The real costs of using public transport have risen since Labour came to power, while the costs of owning a car have gone down, the transport minister has conceded.

In a Parliamentary reply to a question from Liberal Democrat MP Norman Baker, Sadiq Khan said that bus fares had risen by 24% in real terms between 1997 and 2009. Over the same period, the cost of rail tickets went up by 13%.

Meanwhile, the real cost of motoring - including the cost of buying a car - had fallen by 14% over the same period.

And although the Retail Prices Index, from which the other figures are taken, does not include plane travel, Mr Khan revealed that the average price of a domestic one-way air fare had also fallen - by 35% between 1997 and 2008.
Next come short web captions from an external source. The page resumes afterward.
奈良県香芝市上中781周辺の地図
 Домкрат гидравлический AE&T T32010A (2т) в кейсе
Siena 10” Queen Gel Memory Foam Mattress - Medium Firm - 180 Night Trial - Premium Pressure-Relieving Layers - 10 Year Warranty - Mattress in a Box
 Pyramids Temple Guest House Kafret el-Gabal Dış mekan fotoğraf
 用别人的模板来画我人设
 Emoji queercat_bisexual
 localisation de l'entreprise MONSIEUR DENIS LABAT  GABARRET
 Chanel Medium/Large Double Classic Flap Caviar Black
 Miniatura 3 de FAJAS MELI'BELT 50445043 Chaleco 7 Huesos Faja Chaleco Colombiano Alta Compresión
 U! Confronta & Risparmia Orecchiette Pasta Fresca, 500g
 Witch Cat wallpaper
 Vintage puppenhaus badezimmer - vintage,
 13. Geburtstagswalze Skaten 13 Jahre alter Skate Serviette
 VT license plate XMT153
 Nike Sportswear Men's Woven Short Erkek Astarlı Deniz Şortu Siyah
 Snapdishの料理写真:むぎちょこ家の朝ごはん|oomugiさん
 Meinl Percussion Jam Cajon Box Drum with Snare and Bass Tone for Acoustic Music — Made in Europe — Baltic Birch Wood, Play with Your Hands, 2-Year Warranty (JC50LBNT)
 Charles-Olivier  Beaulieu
In a statement on his website, Mr Baker outlines his belief that more should be invested in the rail network, and greater attention paid to ensuring that different modes of transport work efficiently together in an "integrated transport" concept.

"In our towns, we need to do more to encourage the use of buses, bicycles, and what my mother would call Shanks' pony," he adds.

"We need to do what we can to persuade people out of their cars and onto public transport, without penalising those who have no alternative."

In October 2009, tempers flared between pro- and anti-car groups over the relative value of investment in road and rail projects. A report by the Drivers' Alliance suggested that railway funding outstripped that for roads tenfold, once levels of use were taken into account.

However, the Campaign for Better Transport slammed the report's findings, while Network Rail called it "misleading".